EXTRACTED ENTRIES >>
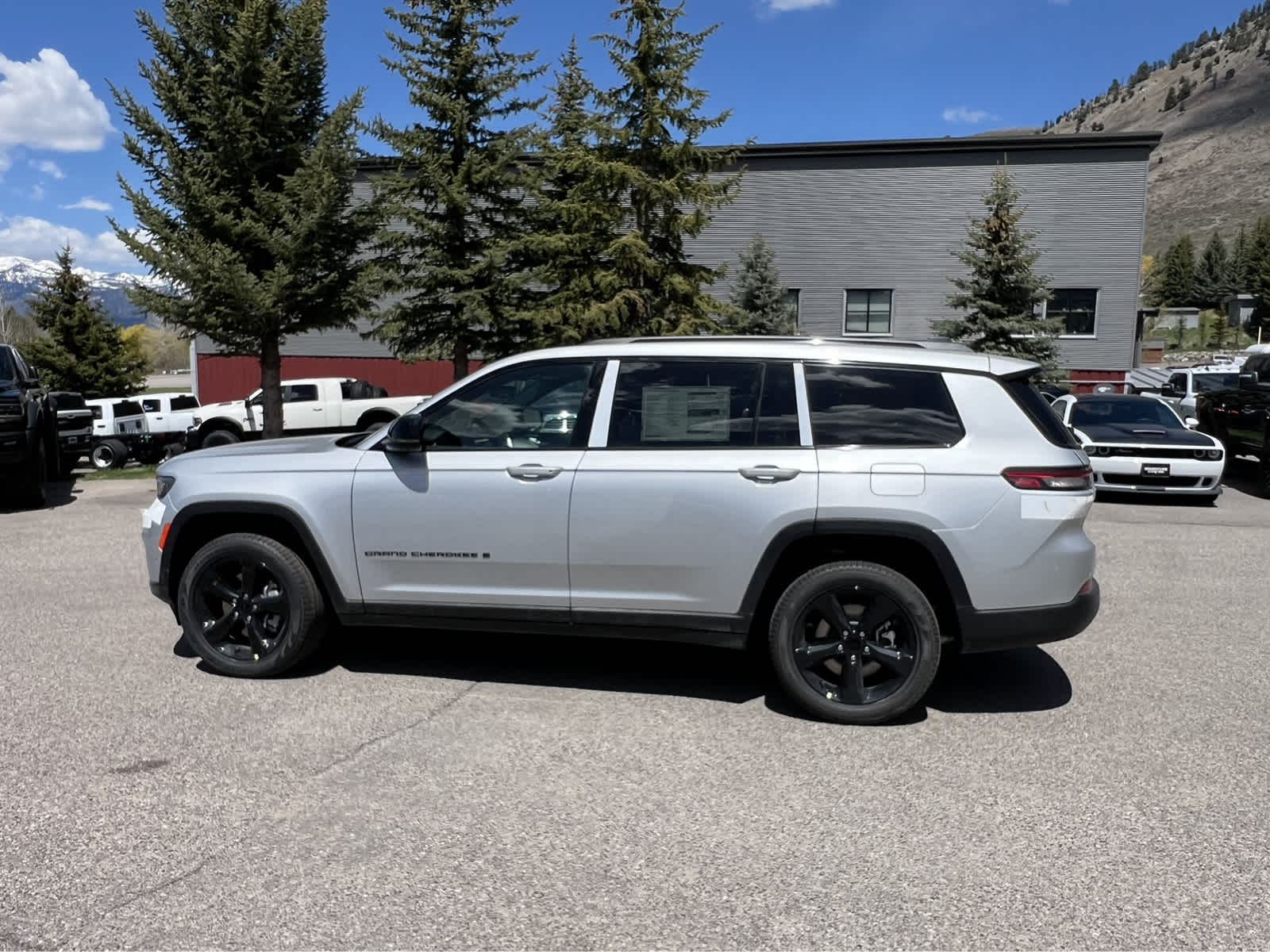 2024 Jeep Grand Cherokee L Limited 10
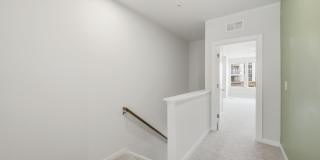 Modern 2BR/2.5BA Townhome in Ashburn Gallery 8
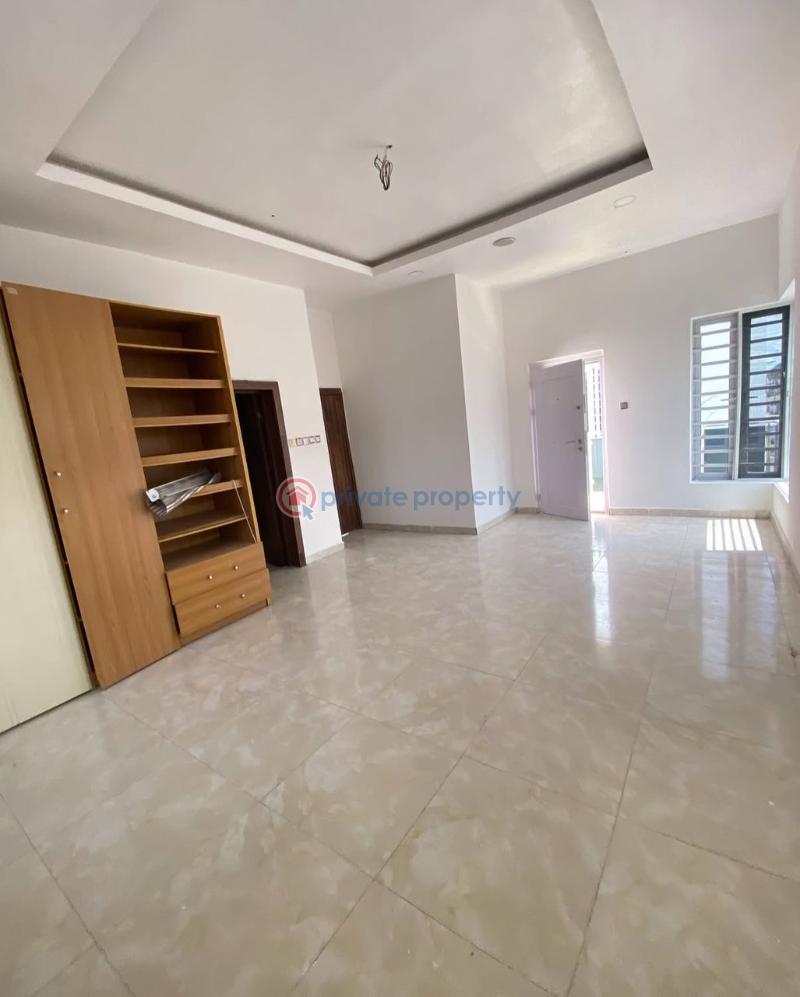 Massive luxury masterbedroom   in secured estate . - 4 1 bedroom Shared Apartment For Rent Well And Secured Estate . Osapa London Lekki Lagos - 4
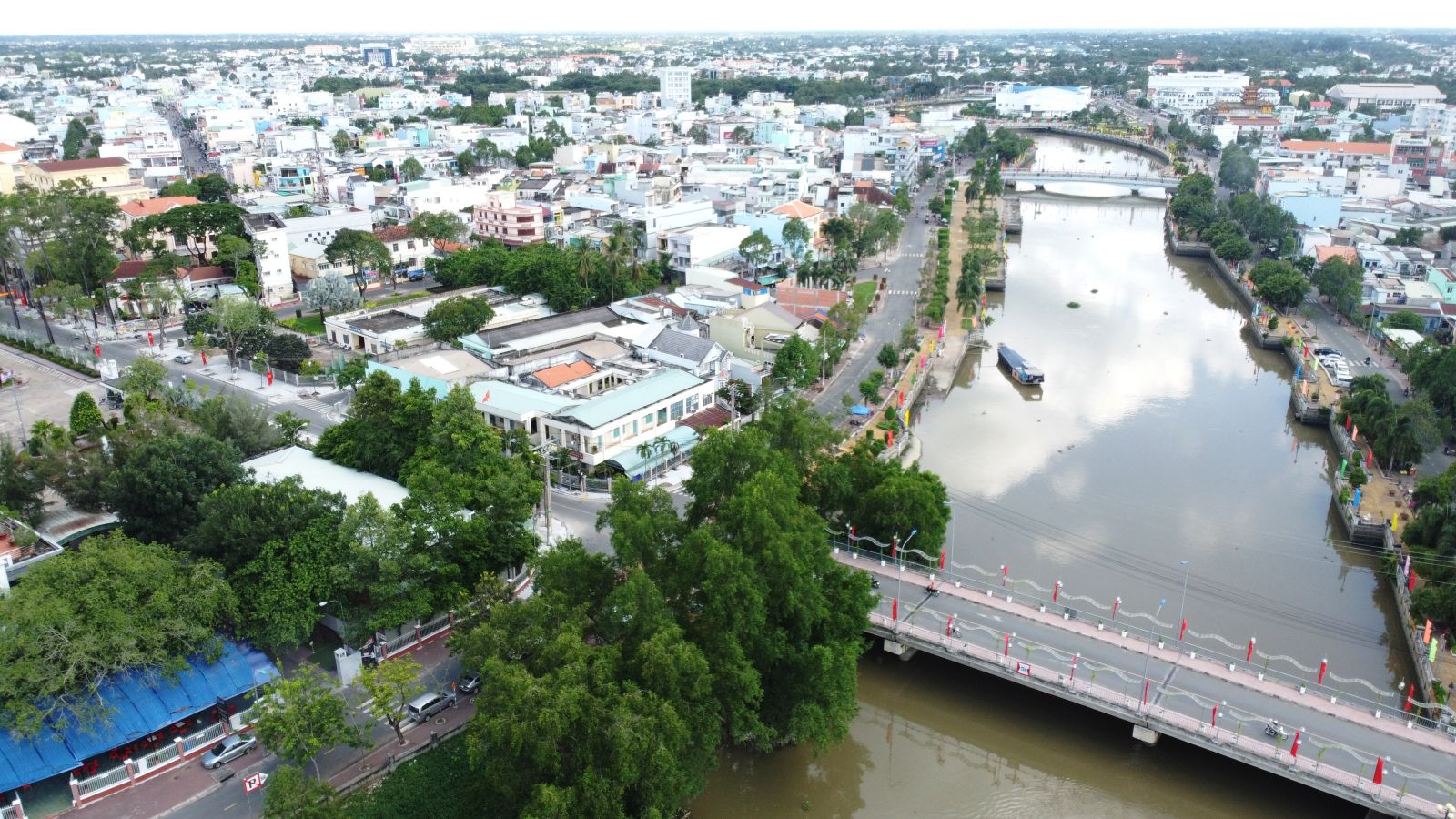 Tan An City: Criteria of grade-I city strived to basically meet by 2025 Tan An City strives to basically achieve the criteria of grade-I urban by 2025 (Photo: A corner of Tan An City)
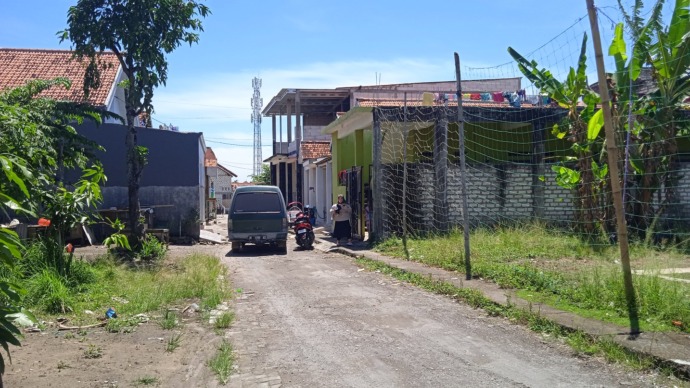TERIK: Seorang bocah berjalan di Kelurahan Pejagan, Kecamatan Kota Bangkalan, Senin (10/4). (JUPRI/JPRM)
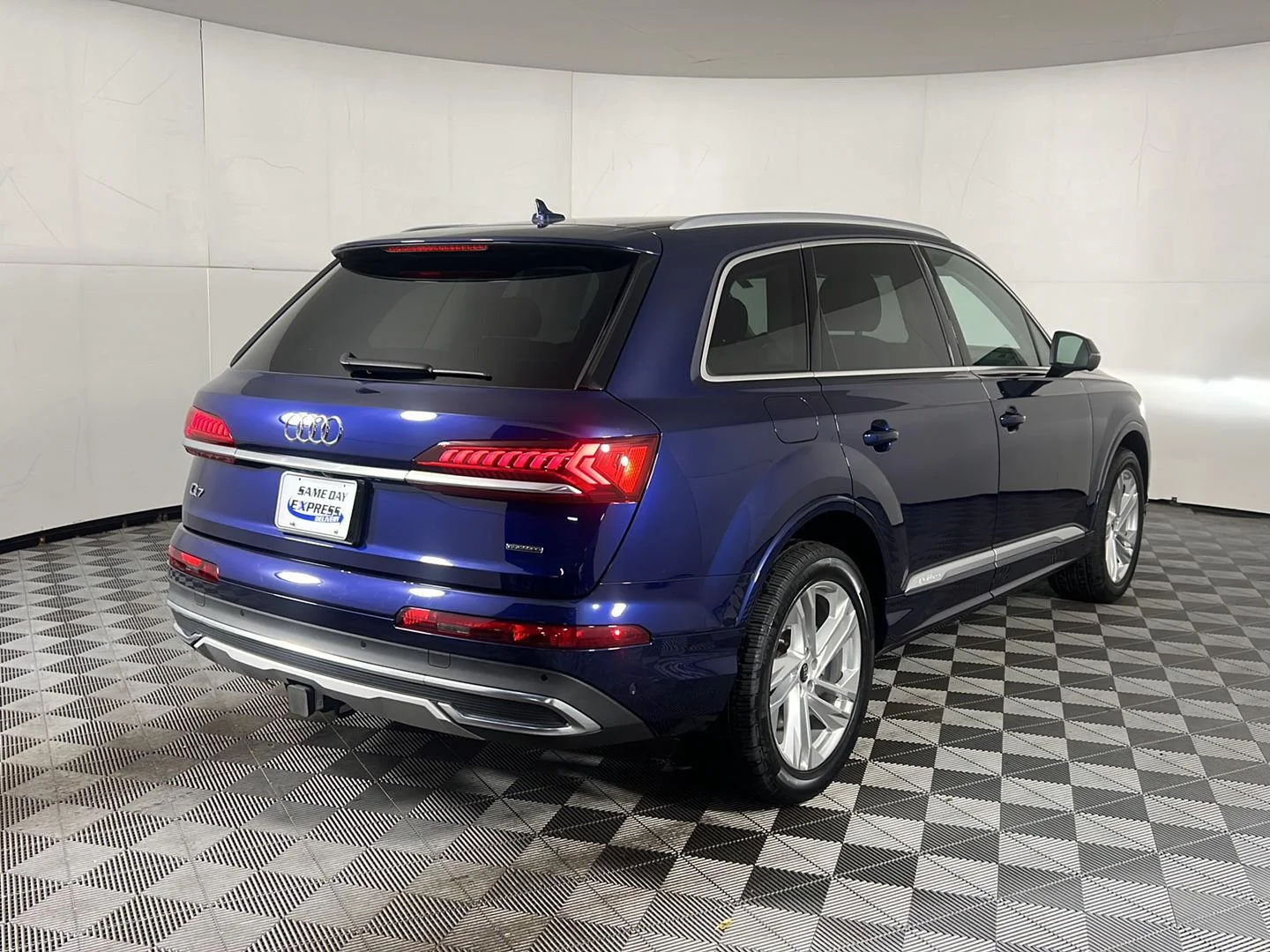 Used 2023 Navarra Blue Metallic Audi Premium Plus image 9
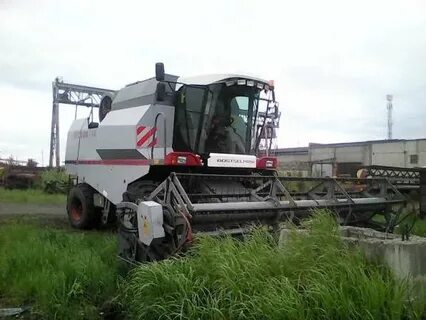 Зерноуборочный комбайн бу вектор 410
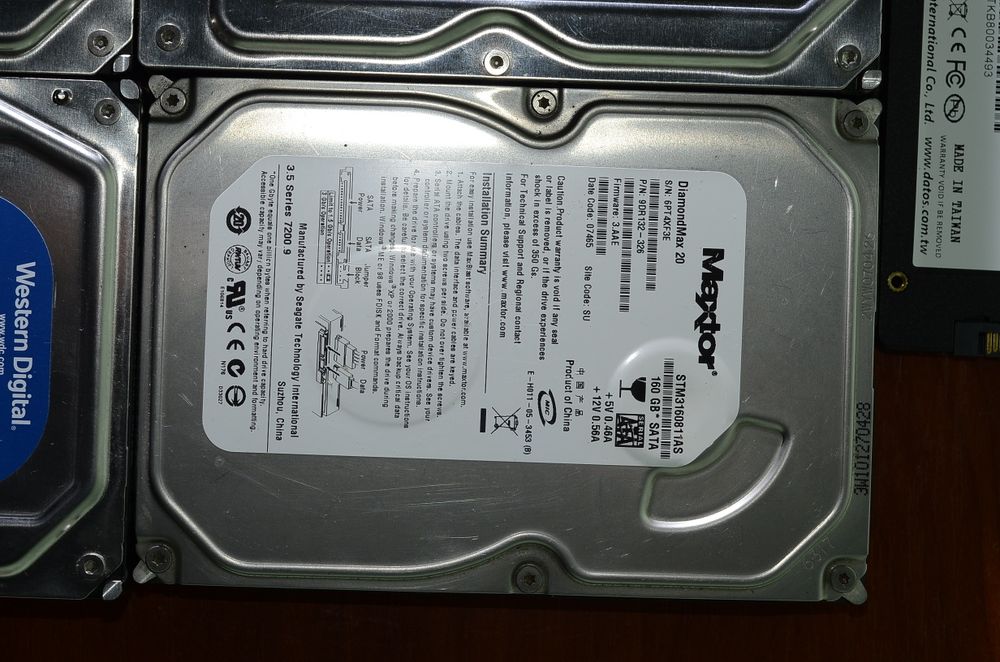 Накопичувачі HDD SSD 1tb/500/320/128gb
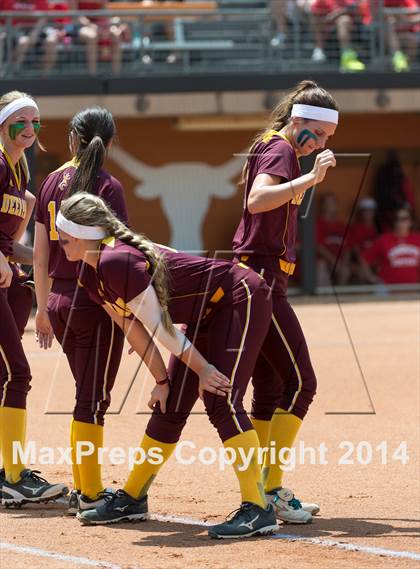 Thumbnail 1 in Coronado vs. Deer Park (UIL 5A Semifinal Playoff) photogallery.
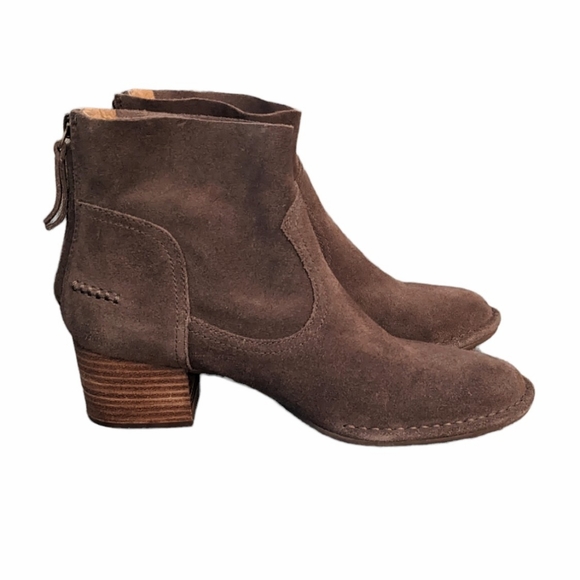 Ugg Bandara Suede Bootie in Mysterious - Picture 4 of 9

YOUR INSTRUCTIONS >> None of the pictures should appear; copy the rest of the material above exactly.

RESPONSE AREA >>
 2024 Jeep Grand Cherokee L Limited 10
 Modern 2BR/2.5BA Townhome in Ashburn Gallery 8
 Massive luxury masterbedroom   in secured estate . - 4 1 bedroom Shared Apartment For Rent Well And Secured Estate . Osapa London Lekki Lagos - 4
 Tan An City: Criteria of grade-I city strived to basically meet by 2025 Tan An City strives to basically achieve the criteria of grade-I urban by 2025 (Photo: A corner of Tan An City)
TERIK: Seorang bocah berjalan di Kelurahan Pejagan, Kecamatan Kota Bangkalan, Senin (10/4). (JUPRI/JPRM)
 Used 2023 Navarra Blue Metallic Audi Premium Plus image 9
 Зерноуборочный комбайн бу вектор 410
 Накопичувачі HDD SSD 1tb/500/320/128gb
 Thumbnail 1 in Coronado vs. Deer Park (UIL 5A Semifinal Playoff) photogallery.
 Ugg Bandara Suede Bootie in Mysterious - Picture 4 of 9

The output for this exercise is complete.